Andy Breslau was browsing at Ergot Records a couple of years ago when he stopped short. The East Village shop had an entire section devoted to the relatively obscure folk singer Kath Bloom and her longtime guitarist Loren Mazzacane Connors.
“I put out a record by these guys,” Breslau told the man behind the counter.
Breslau, who now runs communications at the Alliance for Downtown New York, is a lifelong music fan who ran the short-lived label Ambiguous Records in the early 1980s. Ambiguous had exactly three releases: an EP by the Young Snakes, an art-punk band featuring a then-unknown singer named Aimee Mann; an album by long-forgotten Boston new-wave band the Dark; and an LP by Bloom and Connors called “Sing the Children Over.”
Breslau had pressed 1,200 LPs back in 1982, but with little demand at the time, they went largely unsold. He had hundreds of leftover copies sitting in the basement of his second home in the tiny island town of Vinalhaven, Maine. They’d been untouched for decades.
Ergot’s proprietor Adrian Rew couldn’t believe the story he was hearing, and he offered to buy whatever records Breslau had left.
Rew is the kind of classic record store owner who can spot an overlooked piece of music that will delight his customers even if the rest of the world ignores it. When Gothamist spoke to him about the album, he used an extended Philip K. Dick analogy to explain why people like objects with a backstory.
“Those records are incredibly rare. ... I thought he had a box,” Rew said in a recent interview at the shop, a below-street-level sanctuary off the tacos-and-margs corridor of Second Avenue. “Turns out he had 500 copies.”
Breslau said he kept his copies “with some secret wish that one day the world would turn its attention to the intriguing beauty of the music.” Breslau had discovered Bloom and Connors through one of their home recordings.
“It was deeply moving and transfixing,” he said. “The combination of Loren’s freeform Blind Willie Johnson playing and Kath’s incredibly connected emotional vulnerability and songwriting just rocked me.”
Bloom, who was most active in the 1970s and ‘80s, was a lesser-known contemporary of singers like Vashti Bunyan, Karen Dalton and Judee Sill. But she’s perhaps best known from the key role her music plays in Richard Linklater’s 1995 film “Before Sunrise,” soundtracking a pivotal scene of the two main characters falling in love.
That soundtrack moment helped spark a late-career renaissance, with Bloom recording and touring again. (She’ll have copies of “Sing the Children” for sale with her on an upcoming tour.) But for those already in the know, her earlier work with Connors holds a distinct and haunting place in American folk music. Connors is an icon in his own right — his blues-inflected experimental guitar playing has been lauded by the likes of Sonic Youth’s Thurston Moore, and he’s enjoyed a prolific career with dozens of releases.

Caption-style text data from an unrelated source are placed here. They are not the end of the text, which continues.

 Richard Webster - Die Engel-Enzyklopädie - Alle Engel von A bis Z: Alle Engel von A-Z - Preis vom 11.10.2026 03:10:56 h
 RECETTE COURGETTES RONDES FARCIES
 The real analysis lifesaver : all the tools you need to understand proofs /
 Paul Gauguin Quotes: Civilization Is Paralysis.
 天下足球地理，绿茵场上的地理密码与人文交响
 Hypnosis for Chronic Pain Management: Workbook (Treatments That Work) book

“Sing the Children Over” is half originals and half covers of traditional folk songs. It was recorded in a studio in Watertown, Massachusetts, but has the intimacy of a home recording. Songs like “The Breeze / My Baby Cries” have the same plaintive and emotional vocal that worked so well for Linklater’s film.
“This is music that’s foremost about a certain primacy of emotion and transparency and a commitment to a kind of radical empathy,” Breslau said of the record. “There’s nothing memeable about it. There’s nothing pop about it, there’s nothing necessarily easy."

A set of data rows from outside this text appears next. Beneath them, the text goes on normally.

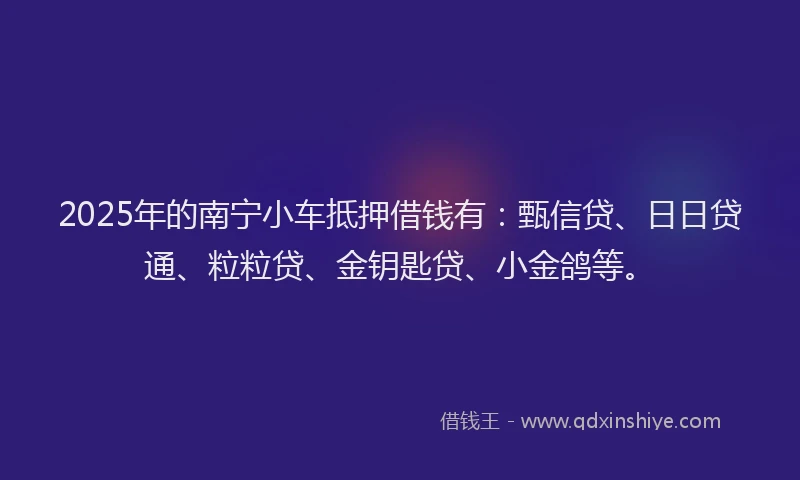 2025年的南宁小车抵押借钱有：甄信贷、日日贷通、粒粒贷、金钥匙贷、小金鸽等。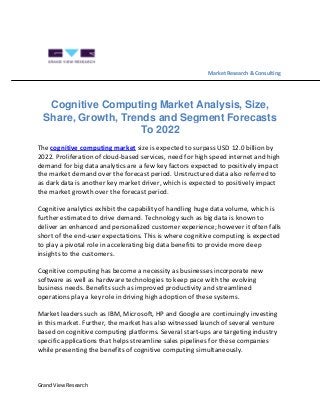 Grand View Research
Market Research & Consulting
Cognitive Computing Market Analysis, Size,
Share, Growth, Trends and Segment Forecasts
To 2022
The cognitive computing market size is expected to surpass USD 12.0 billion by
2022. Proliferation of cloud-based services, need for high speed internet and high
demand for big data analytics are a few key factors expected to positively impact
the market demand over the forecast period. Unstructured data also referred to
as dark data is another key market driver, which is expected to positively impact
the market growth over the forecast period.
Cognitive analytics exhibit the capability of handling huge data volume, which is
further estimated to drive demand. Technology such as big data is known to
deliver an enhanced and personalized customer experience; however it often falls
short of the end-user expectations. This is where cognitive computing is expected
to play a pivotal role in accelerating big data benefits to provide more deep
insights to the customers.
Cognitive computing has become a necessity as businesses incorporate new
software as well as hardware technologies to keep pace with the evolving
business needs. Benefits such as improved productivity and streamlined
operations play a key role in driving high adoption of these systems.
Market leaders such as IBM, Microsoft, HP and Google are continuingly investing
in this market. Further, the market has also witnessed launch of several venture
based on cognitive computing platforms. Several start-ups are targeting industry
specific applications that helps streamline sales pipelines for these companies
while presenting the benefits of cognitive computing simultaneously.
 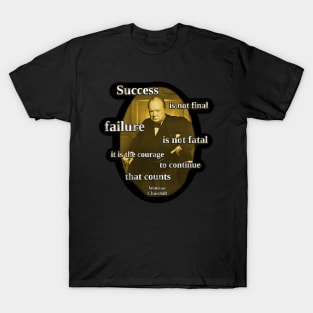 Success Is Not Final, Failure is not Fatal - Winston Churchill Quote T-Shirt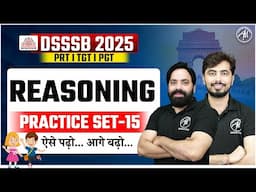 DSSSB 2025 | REASONING : PRACTICE SET 15 Class for DSSSB EXAM 2025 | BY ADHYAYAN MANTRA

After he and Rew worked out a deal for the remaining albums, Breslau shipped the records down to the city. But there was a problem: After some 40 years in storage, more than half of the vinyl was warped — bent out of shape to the point of being unplayable.
Luckily, Rew had a device known as a dewarping machine. He spent more than a year slowly restoring each vinyl, a process that took roughly five hours per record and involved heating it, reshaping it and cooling it back down.

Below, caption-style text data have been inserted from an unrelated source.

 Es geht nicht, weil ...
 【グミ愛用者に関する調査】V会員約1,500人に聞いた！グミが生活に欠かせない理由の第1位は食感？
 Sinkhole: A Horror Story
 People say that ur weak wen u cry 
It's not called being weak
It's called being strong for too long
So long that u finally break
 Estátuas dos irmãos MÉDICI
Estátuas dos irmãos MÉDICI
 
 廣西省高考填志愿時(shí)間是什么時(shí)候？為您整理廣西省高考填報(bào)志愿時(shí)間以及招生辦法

Once he had enough in good shape, Rew put a short post on Ergot’s Instagram announcing the records for sale. Due to their scarcity, used copies of the album had been going for over $100; Rew was selling the deadstock for $30 apiece. “I sold 200 copies online in two hours,” he said. “Then I shut it down.”
He sold another 150 in person at a record fair and has held onto the rest for a few interested record shops around the world. Breslau sent some of the proceeds to Bloom and Connors, who were pleasantly surprised.
Jeremy Larson, a deputy director at Pitchfork who bought a copy of the record, said the album’s new life felt to him like fate. He’d long been wanting to dive into Bloom’s catalog.
“I wanted to get to the other folkies first,” Larson said. “So when I saw that this record was being sold, I was like, this seems like the universe telling me now is the time.”
The music itself — lo-fi and unadorned — caught him off guard. “It’s very human,” he said. “Not a lot of artifice there. Just two people in a room. … I love music that can bring me into their world.”
Rew said he wasn’t sure a discovery like this could be repeated.
“I mean, I hope it happens again,” he said. “But I think this is a once-in-a-lifetime find for me.”